◆ PROMPT
Only an exact, line-for-line copy of the data will serve as the answer.

◆ STUDY MATERIAL
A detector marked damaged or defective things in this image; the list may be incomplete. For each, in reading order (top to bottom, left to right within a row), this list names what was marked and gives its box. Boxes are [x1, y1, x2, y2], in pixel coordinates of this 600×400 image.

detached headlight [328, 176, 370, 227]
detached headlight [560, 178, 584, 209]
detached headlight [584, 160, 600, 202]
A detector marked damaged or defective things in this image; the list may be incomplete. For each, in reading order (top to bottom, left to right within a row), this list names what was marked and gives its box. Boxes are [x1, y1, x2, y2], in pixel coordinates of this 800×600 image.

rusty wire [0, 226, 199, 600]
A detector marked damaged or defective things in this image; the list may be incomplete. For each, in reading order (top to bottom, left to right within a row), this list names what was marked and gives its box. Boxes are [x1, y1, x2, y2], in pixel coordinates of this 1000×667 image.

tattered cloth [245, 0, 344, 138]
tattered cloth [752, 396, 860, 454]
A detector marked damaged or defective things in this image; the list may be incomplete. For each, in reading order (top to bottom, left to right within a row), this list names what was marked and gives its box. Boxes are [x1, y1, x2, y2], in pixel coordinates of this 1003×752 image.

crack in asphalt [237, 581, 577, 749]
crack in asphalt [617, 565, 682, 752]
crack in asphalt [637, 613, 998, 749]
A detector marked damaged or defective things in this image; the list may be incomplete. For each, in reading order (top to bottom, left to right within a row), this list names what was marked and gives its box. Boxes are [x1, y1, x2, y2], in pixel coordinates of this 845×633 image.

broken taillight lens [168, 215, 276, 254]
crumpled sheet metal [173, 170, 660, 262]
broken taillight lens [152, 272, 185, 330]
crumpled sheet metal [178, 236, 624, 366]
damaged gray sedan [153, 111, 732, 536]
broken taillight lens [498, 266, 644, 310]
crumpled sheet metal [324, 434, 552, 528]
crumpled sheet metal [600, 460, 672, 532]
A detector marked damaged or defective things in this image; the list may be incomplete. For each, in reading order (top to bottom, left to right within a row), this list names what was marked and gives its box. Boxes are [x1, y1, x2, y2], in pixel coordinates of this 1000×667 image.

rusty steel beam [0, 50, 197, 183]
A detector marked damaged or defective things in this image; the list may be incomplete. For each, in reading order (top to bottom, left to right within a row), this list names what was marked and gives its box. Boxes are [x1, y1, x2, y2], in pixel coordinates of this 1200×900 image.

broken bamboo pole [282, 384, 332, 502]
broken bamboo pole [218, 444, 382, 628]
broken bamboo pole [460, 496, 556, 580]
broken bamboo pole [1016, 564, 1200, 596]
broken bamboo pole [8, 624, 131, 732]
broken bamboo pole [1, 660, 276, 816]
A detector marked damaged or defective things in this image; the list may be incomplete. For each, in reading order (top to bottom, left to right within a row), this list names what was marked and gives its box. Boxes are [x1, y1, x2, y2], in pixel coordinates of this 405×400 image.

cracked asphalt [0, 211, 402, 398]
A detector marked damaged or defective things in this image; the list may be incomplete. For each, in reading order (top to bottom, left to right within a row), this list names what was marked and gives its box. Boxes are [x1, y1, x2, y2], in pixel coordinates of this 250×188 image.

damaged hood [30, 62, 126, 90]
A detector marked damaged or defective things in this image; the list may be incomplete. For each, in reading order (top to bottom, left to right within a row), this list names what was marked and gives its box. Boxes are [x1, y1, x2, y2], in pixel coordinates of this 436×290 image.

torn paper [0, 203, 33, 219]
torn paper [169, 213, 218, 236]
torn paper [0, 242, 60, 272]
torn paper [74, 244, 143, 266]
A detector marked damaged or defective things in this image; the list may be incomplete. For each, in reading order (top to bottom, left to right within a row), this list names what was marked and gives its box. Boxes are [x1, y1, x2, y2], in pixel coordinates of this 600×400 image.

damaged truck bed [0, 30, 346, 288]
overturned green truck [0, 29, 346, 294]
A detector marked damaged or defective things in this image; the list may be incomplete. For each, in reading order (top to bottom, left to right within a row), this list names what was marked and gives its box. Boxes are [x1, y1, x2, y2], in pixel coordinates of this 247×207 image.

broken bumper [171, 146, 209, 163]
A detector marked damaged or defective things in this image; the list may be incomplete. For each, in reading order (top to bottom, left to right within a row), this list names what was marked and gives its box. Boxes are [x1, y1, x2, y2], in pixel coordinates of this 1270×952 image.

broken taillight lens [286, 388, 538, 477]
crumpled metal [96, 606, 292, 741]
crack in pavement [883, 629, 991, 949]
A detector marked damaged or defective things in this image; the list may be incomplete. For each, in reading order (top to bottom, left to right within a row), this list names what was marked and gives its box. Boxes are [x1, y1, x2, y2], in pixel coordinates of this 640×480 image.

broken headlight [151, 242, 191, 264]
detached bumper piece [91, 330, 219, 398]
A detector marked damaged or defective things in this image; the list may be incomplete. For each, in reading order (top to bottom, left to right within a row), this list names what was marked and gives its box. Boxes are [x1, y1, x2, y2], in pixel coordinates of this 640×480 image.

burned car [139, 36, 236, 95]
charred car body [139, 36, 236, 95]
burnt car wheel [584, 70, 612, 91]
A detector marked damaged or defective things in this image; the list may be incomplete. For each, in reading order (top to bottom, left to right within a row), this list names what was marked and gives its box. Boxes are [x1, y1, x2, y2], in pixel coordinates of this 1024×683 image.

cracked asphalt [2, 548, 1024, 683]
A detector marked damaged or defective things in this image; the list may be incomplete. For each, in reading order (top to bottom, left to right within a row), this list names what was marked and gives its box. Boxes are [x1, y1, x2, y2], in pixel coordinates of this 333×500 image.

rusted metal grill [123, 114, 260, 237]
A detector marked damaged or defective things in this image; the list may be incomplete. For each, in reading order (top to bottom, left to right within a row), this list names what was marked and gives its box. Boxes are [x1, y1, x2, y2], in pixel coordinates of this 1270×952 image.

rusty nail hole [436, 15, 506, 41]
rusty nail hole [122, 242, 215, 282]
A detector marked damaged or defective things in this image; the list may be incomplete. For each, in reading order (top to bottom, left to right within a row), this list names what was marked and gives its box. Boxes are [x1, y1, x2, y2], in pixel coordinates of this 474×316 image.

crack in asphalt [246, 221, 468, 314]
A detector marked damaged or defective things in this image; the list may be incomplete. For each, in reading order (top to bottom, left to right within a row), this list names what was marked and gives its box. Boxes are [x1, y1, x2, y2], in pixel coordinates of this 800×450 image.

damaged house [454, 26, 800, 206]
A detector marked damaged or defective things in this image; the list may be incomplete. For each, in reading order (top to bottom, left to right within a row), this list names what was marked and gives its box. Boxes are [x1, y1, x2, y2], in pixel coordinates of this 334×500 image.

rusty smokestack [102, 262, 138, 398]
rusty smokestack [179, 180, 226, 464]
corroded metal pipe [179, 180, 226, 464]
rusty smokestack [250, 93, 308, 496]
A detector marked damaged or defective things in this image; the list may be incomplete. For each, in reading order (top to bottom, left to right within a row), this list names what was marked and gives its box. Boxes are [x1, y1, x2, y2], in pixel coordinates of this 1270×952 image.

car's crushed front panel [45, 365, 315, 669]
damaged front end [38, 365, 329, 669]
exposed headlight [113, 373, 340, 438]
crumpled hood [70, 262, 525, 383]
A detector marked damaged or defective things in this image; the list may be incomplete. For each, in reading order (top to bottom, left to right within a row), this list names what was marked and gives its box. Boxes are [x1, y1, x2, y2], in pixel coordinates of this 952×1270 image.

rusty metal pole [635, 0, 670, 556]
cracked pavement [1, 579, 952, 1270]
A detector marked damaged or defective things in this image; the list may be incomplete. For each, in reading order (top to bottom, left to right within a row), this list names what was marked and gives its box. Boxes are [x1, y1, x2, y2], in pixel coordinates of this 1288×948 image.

◆ SOLUTION FOR THIS PROBLEM
A detector marked damaged or defective things in this image; the list may be incomplete. For each, in reading order (top to bottom, left to right within a row), this list names what was marked and gives its box. Boxes are [x1, y1, x2, y2], in pixel coordinates of this 600×400 image.

detached headlight [328, 176, 370, 227]
detached headlight [560, 178, 584, 209]
detached headlight [584, 160, 600, 202]
A detector marked damaged or defective things in this image; the list may be incomplete. For each, in reading order (top to bottom, left to right within a row), this list names what was marked and gives its box. Boxes are [x1, y1, x2, y2], in pixel coordinates of this 800×600 image.

rusty wire [0, 226, 199, 600]
A detector marked damaged or defective things in this image; the list may be incomplete. For each, in reading order (top to bottom, left to right within a row), this list names what was marked and gives its box. Boxes are [x1, y1, x2, y2], in pixel coordinates of this 1000×667 image.

tattered cloth [245, 0, 344, 138]
tattered cloth [752, 396, 860, 454]
A detector marked damaged or defective things in this image; the list may be incomplete. For each, in reading order (top to bottom, left to right within a row), this list names what was marked and gives its box. Boxes are [x1, y1, x2, y2], in pixel coordinates of this 1003×752 image.

crack in asphalt [237, 581, 577, 749]
crack in asphalt [617, 565, 682, 752]
crack in asphalt [637, 613, 998, 749]
A detector marked damaged or defective things in this image; the list may be incomplete. For each, in reading order (top to bottom, left to right within a row), this list names what was marked and gives its box. Boxes are [x1, y1, x2, y2], in pixel coordinates of this 845×633 image.

broken taillight lens [168, 215, 276, 254]
crumpled sheet metal [173, 170, 660, 262]
broken taillight lens [152, 272, 185, 330]
crumpled sheet metal [178, 236, 624, 366]
damaged gray sedan [153, 111, 732, 536]
broken taillight lens [498, 266, 644, 310]
crumpled sheet metal [324, 434, 552, 528]
crumpled sheet metal [600, 460, 672, 532]
A detector marked damaged or defective things in this image; the list may be incomplete. For each, in reading order (top to bottom, left to right within a row), this list names what was marked and gives its box. Boxes are [x1, y1, x2, y2], in pixel coordinates of this 1000×667 image.

rusty steel beam [0, 50, 197, 183]
A detector marked damaged or defective things in this image; the list may be incomplete. For each, in reading order (top to bottom, left to right within a row), this list names what was marked and gives its box. Boxes are [x1, y1, x2, y2], in pixel coordinates of this 1200×900 image.

broken bamboo pole [282, 384, 332, 502]
broken bamboo pole [218, 444, 382, 628]
broken bamboo pole [460, 496, 556, 580]
broken bamboo pole [1016, 564, 1200, 596]
broken bamboo pole [8, 624, 131, 732]
broken bamboo pole [1, 660, 276, 816]
A detector marked damaged or defective things in this image; the list may be incomplete. For each, in reading order (top to bottom, left to right within a row), this list names what was marked and gives its box. Boxes are [x1, y1, x2, y2], in pixel coordinates of this 405×400 image.

cracked asphalt [0, 211, 402, 398]
A detector marked damaged or defective things in this image; the list may be incomplete. For each, in reading order (top to bottom, left to right within a row), this list names what was marked and gives its box. Boxes are [x1, y1, x2, y2], in pixel coordinates of this 250×188 image.

damaged hood [30, 62, 126, 90]
A detector marked damaged or defective things in this image; the list may be incomplete. For each, in reading order (top to bottom, left to right within a row), this list names what was marked and gives its box. Boxes are [x1, y1, x2, y2], in pixel coordinates of this 436×290 image.

torn paper [0, 203, 33, 219]
torn paper [169, 213, 218, 236]
torn paper [0, 242, 60, 272]
torn paper [74, 244, 143, 266]
A detector marked damaged or defective things in this image; the list may be incomplete. For each, in reading order (top to bottom, left to right within a row), this list names what was marked and gives its box. Boxes are [x1, y1, x2, y2], in pixel coordinates of this 600×400 image.

damaged truck bed [0, 30, 346, 288]
overturned green truck [0, 29, 346, 294]
A detector marked damaged or defective things in this image; the list may be incomplete. For each, in reading order (top to bottom, left to right within a row), this list names what was marked and gives its box. Boxes are [x1, y1, x2, y2], in pixel coordinates of this 247×207 image.

broken bumper [171, 146, 209, 163]
A detector marked damaged or defective things in this image; the list may be incomplete. For each, in reading order (top to bottom, left to right within a row), this list names what was marked and gives its box. Boxes are [x1, y1, x2, y2], in pixel coordinates of this 1270×952 image.

broken taillight lens [286, 388, 538, 477]
crumpled metal [96, 606, 292, 741]
crack in pavement [883, 629, 991, 949]
A detector marked damaged or defective things in this image; the list may be incomplete. For each, in reading order (top to bottom, left to right within a row), this list names what was marked and gives its box. Boxes are [x1, y1, x2, y2], in pixel coordinates of this 640×480 image.

broken headlight [151, 242, 191, 264]
detached bumper piece [91, 330, 219, 398]
A detector marked damaged or defective things in this image; the list may be incomplete. For each, in reading order (top to bottom, left to right within a row), this list names what was marked and gives its box. Boxes are [x1, y1, x2, y2], in pixel coordinates of this 640×480 image.

burned car [139, 36, 236, 95]
charred car body [139, 36, 236, 95]
burnt car wheel [584, 70, 612, 91]
A detector marked damaged or defective things in this image; the list may be incomplete. For each, in reading order (top to bottom, left to right within a row), this list names what was marked and gives its box. Boxes are [x1, y1, x2, y2], in pixel coordinates of this 1024×683 image.

cracked asphalt [2, 548, 1024, 683]
A detector marked damaged or defective things in this image; the list may be incomplete. For each, in reading order (top to bottom, left to right within a row), this list names what was marked and gives its box. Boxes are [x1, y1, x2, y2], in pixel coordinates of this 333×500 image.

rusted metal grill [123, 114, 260, 237]
A detector marked damaged or defective things in this image; the list may be incomplete. For each, in reading order (top to bottom, left to right within a row), this list names what was marked and gives its box. Boxes are [x1, y1, x2, y2], in pixel coordinates of this 1270×952 image.

rusty nail hole [436, 15, 506, 41]
rusty nail hole [122, 242, 215, 282]
A detector marked damaged or defective things in this image; the list may be incomplete. For each, in reading order (top to bottom, left to right within a row), this list names what was marked and gives its box. Boxes are [x1, y1, x2, y2], in pixel coordinates of this 474×316 image.

crack in asphalt [246, 221, 468, 314]
A detector marked damaged or defective things in this image; the list may be incomplete. For each, in reading order (top to bottom, left to right within a row), this list names what was marked and gives its box. Boxes are [x1, y1, x2, y2], in pixel coordinates of this 800×450 image.

damaged house [454, 26, 800, 206]
A detector marked damaged or defective things in this image; the list may be incomplete. For each, in reading order (top to bottom, left to right within a row), this list names what was marked and gives its box. Boxes are [x1, y1, x2, y2], in pixel coordinates of this 334×500 image.

rusty smokestack [102, 262, 138, 398]
rusty smokestack [179, 180, 226, 464]
corroded metal pipe [179, 180, 226, 464]
rusty smokestack [250, 93, 308, 496]
A detector marked damaged or defective things in this image; the list may be incomplete. For each, in reading order (top to bottom, left to right within a row), this list names what was marked and gives its box. Boxes are [x1, y1, x2, y2], in pixel coordinates of this 1270×952 image.

car's crushed front panel [45, 365, 315, 669]
damaged front end [38, 365, 329, 669]
exposed headlight [113, 373, 340, 438]
crumpled hood [70, 262, 525, 383]
A detector marked damaged or defective things in this image; the list may be incomplete. For each, in reading order (top to bottom, left to right within a row), this list names what was marked and gives its box. Boxes are [x1, y1, x2, y2], in pixel coordinates of this 952×1270 image.

rusty metal pole [635, 0, 670, 556]
cracked pavement [1, 579, 952, 1270]
A detector marked damaged or defective things in this image; the list may be incomplete. For each, in reading order (top to bottom, left to right within a row), this list names what was marked and gives its box. Boxes are [x1, y1, x2, y2], in pixel coordinates of this 1288×948 image.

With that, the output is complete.